Local songwriter Lisa Hillary had a boyfriend in high school whose entire family would play guitar and sing on holidays.
On the Christmas of her senior year at Rowland Hall, she received a guitar from her boyfriend so that she could play with the family. But three weeks after Christmas, Hillary’s boyfriend’s father — “one of my guitar heroes,” she said — was killed in a plane crash.
“Although I never got the chance to play with him, I felt an incredible urge to learn to play so that I could fill in for him in the song circle,” Hillary said.
Now 36, the resident of the Canyon Rim Township in Salt Lake County has recorded her first album, “Edge of the World,” with her music recalling the acoustic, confessional songcraft and style of Ani DiFranco, Brandi Carlisle, and fellow Utah native Jewel.
The songwriter, singer and guitar-player (who also dabbles on the ukulele) answered questions about returning to Utah from college out-of-state, what she remembers from her first performance, and whether she would rather see a rock show or a symphony orchestra performance.
Why did you return to Utah after college graduation from St.

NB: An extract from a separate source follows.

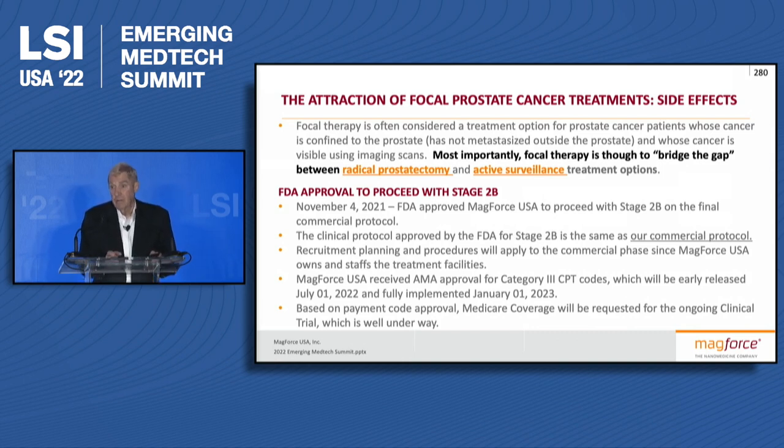We see this as a bridge between active surveillance and definitive therapy such as surgery. We did get the approval to move forward to the final clinical protocol in November. It was very important to us that whatever we're doing for the final stage of the clinical trial is exactly equal to what we're going to do commercially. We have received AMA approval for our category code, so we'll be filing for a category 3 CPT code, and this approval allows us to also go for Medicare coverage for the rest of the study. We're expecting to get most of these done in 2022.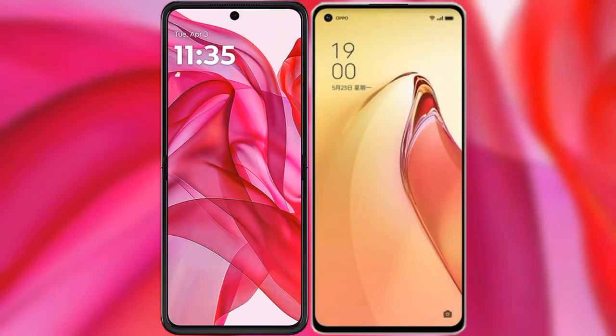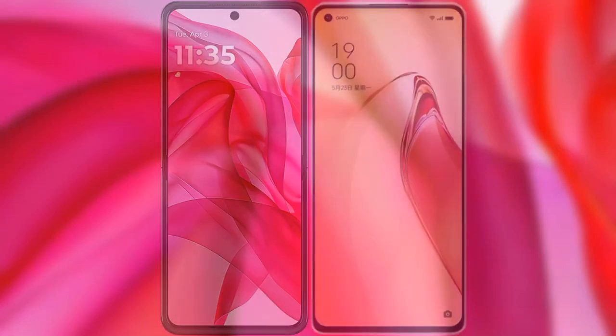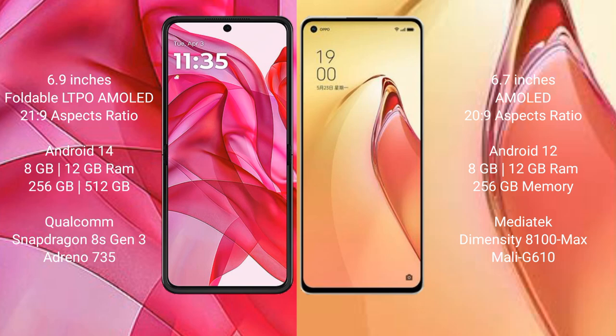I will compare the new Motorola RAZR 50 Ultra with Oppo Reno 8 Pro Plus. Motorola RAZR 50 Ultra comes with a 6.9-inch foldable LTPO AMOLED display and aspect ratio 21:9. Oppo Reno 8 Pro Plus has a 6.7-inch AMOLED display and aspect ratio 22:9.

Lawrence University rather than stay in New York?
I am a big mountain girl. Although New York has some truly wonderful attributes, I love the feeling of spring in the Wasatch Mountains. I felt lost without them. Utah is a unique and beautiful place and I have deep rooted connections to my home.
What did you want to achieve with “Edge of the World”?
This is my first record and I am truly proud of it. The title track, “Edge of the World,” is written about my experience of having a family member addicted to heroin, and I was constantly waiting in limbo for him to turn his life around. Ani DiFranco said in her song “Fuel” that “people used to make records as in a record of an event. The event of people playing music in a room.” I wanted an honest musical experience for the listener rather than a few catchy produced singles with filler songs. “Edge of the World” is a hand-crafted record in the truest sense. I set out to combine the songs in such a way as to take the listener on a journey of love, loss, heartbreak and wonder through creative lyrics and melodies.
Does being in Utah help or hinder a music career and aspirations?
Utah is slowly coming out of the dark as a music scene. As a truly organic movement, you see bands like Marinade and The Zero Summers literally launching themselves as artists through creative use of the community and their fans. I recently played at Creative Unplugged in Ogden. It is a really intimate songwriter showcase that highlights local artists and allows them to find creativity and support from their peers. Utah is full of musical events, outlets and shows. The difficult thing can be to find them.
What do you remember about your first performance?
When you first perform, I think many of us picture our heroes and idols on stage, especially if you are a teenager. I really don’t think I became a truly great songwriter until I could let go of wanting to emulate someone else. I still have a copy of that first performance and think about how much my stage presence has changed.
Describe a perfect day.
I love going on adventures. A perfect day would be hitting the road on a road trip to play shows in the surrounding areas. Singing in the car to whomever moves me at the moment and stopping to hike the natural beauty of the west. There is something so beautiful about the sunset in the desert and the change from the heat of the day to the cool nights. It is almost like you can feel the Earth breathe. Finish the day by cooking a great meal for my closest friends and family and playing guitar around a campfire under the stars.
What is the most musical thing in the world?
The human heart. The emotions that can drive us to the edge over love, lust, heartbreak and loss. I love words and using them to paint new and creative imagery for the emotions we all share.
Would you rather go to a rock show or see the Symphony perform, and why?
As a dancer, I love the idea of the symphony, [with] things happening in unison with precision. However, I love the showmanship and stage performance of rock. I find that rock shows tend to want the audience to be a part of the overall experience and it is more of a partnership between the creativity of the artist and the energy of the crowd.
Lisa Hillary’s music is available on iTunes.com . You can also listen to tracks on her website www.lisahillary.com, www.reverbnation.com/lisahillary, www.facebook.com/lisahillarymusic and on Spotify.
She will be playing in the Twilite Caberet, a fundraiser for homeless youth in Utah, on June 29 at the Grand Theatre at Salt Lake Community College.